Wrong: Logging complete input/output for every invocation. Why: Privacy concerns, storage explosion, noise. Right: Log metadata, summaries, and opt-in detailed logging.
"Score Once, Forget"
Wrong: Calculating quality score immediately after completion. Why: Misses delayed signals (did code work? was it reverted?). Right: Collect signals over time, recalculate periodically.
"Averages Only"
Wrong: Only tracking average quality scores. Why: Hides distribution, misses failure modes. Right: Track percentiles, failure rates, and patterns.
"No Baseline"
Wrong: Measuring quality without establishing baselines. Why: Can't detect improvement or regression. Right: Establish baselines per skill, compare trends.
Output Reports
Weekly Skill Health Report
# Skill Health Report - Week of 2025-01-13
## Overview
- Total invocations: 247
- Average quality: 78.3 (up 2.1 from last week)

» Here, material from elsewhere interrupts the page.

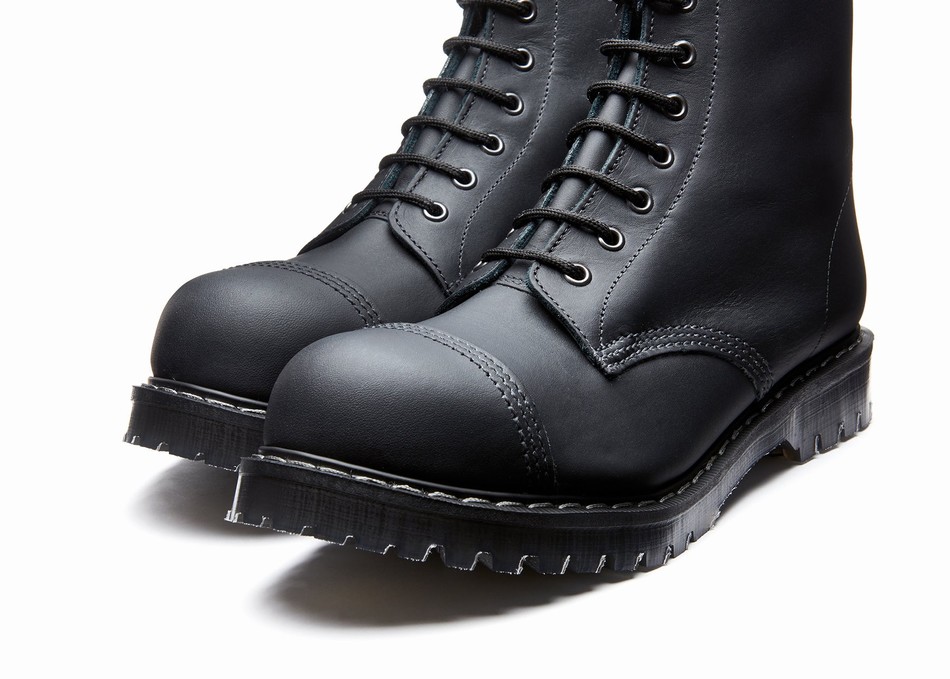 Solovair Greasy 8 Eye Steel Toe Men Derby Boots Black | SC8-1550-BG-G-060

- Error rate: 4.2% (down 1.8%)
## Top Performers
1. **wedding-immortalist** - 92.1 avg quality, 18 uses
2. **skill-coach** - 89.4 avg quality, 34 uses
3. **api-architect** - 87.2 avg quality, 22 uses
## Needs Attention
1. **legacy-code-converter** - 52.3 avg quality (down 15%)

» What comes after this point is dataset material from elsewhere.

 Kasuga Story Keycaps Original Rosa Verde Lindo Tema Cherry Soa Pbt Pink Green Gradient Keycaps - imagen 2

- Common issue: Missing dependency detection
- Suggested fix: Add dependency scanning step
## Improvement Opportunities
- `partner-text-coach`: Users frequently ask for tone adjustment
- `yard-landscaper`: High edit ratio on plant recommendations
Integration Points
- skill-coach: Feed quality data for skill improvements
- agent-creator: Use metrics when designing new skills
- automatic-stateful-prompt-improver: Quality signals for prompt optimization
Core Philosophy: What gets measured gets improved. Skill logging transforms intuition about skill quality into actionable data, enabling continuous improvement of the entire skill ecosystem.